**TASK DIRECTIONS**: Below is a listing with pictures. Repeat exactly the lines starting at the one holding "Om with 16 moti" and going on through the one holding "alt text: A", and leave every picture out.

**RAW DATA**:
• • •
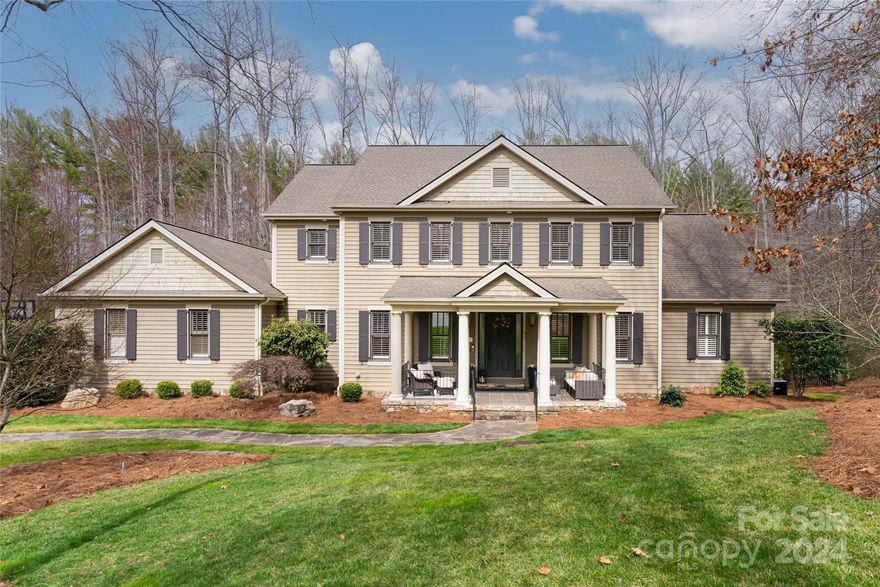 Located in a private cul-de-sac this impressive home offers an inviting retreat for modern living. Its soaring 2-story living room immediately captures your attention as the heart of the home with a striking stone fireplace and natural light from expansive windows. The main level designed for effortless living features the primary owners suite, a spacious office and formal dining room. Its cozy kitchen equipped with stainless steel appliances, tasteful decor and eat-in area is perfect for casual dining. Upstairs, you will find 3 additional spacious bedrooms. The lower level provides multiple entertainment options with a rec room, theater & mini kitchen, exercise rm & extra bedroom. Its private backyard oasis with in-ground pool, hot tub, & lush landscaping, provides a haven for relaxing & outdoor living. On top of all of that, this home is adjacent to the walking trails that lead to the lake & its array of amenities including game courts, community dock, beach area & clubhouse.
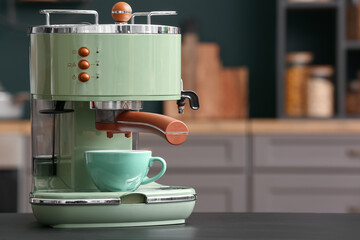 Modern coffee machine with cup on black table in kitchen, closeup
• • •
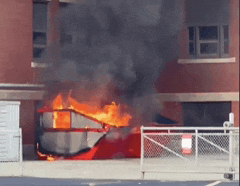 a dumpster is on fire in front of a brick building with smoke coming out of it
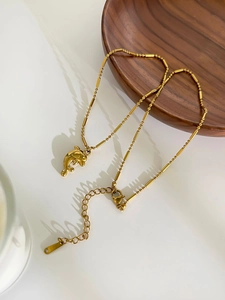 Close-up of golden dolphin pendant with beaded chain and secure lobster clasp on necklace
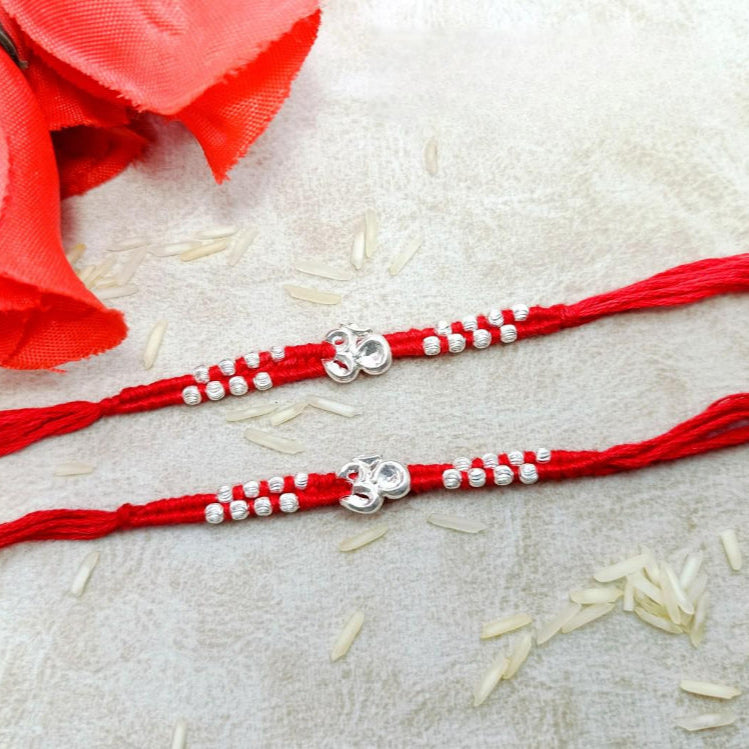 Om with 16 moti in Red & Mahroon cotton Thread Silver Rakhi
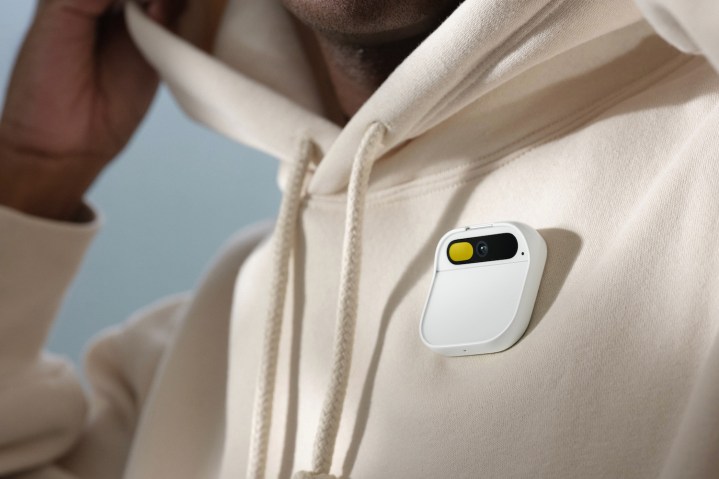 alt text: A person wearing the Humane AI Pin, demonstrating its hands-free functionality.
• • •
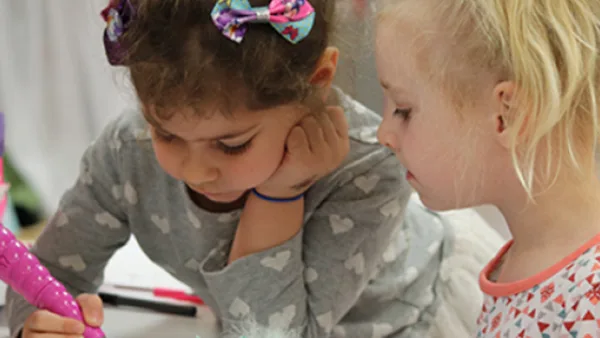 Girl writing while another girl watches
• • •
**FINISHED EXERCISE**:
 Om with 16 moti in Red & Mahroon cotton Thread Silver Rakhi
 alt text: A person wearing the Humane AI Pin, demonstrating its hands-free functionality.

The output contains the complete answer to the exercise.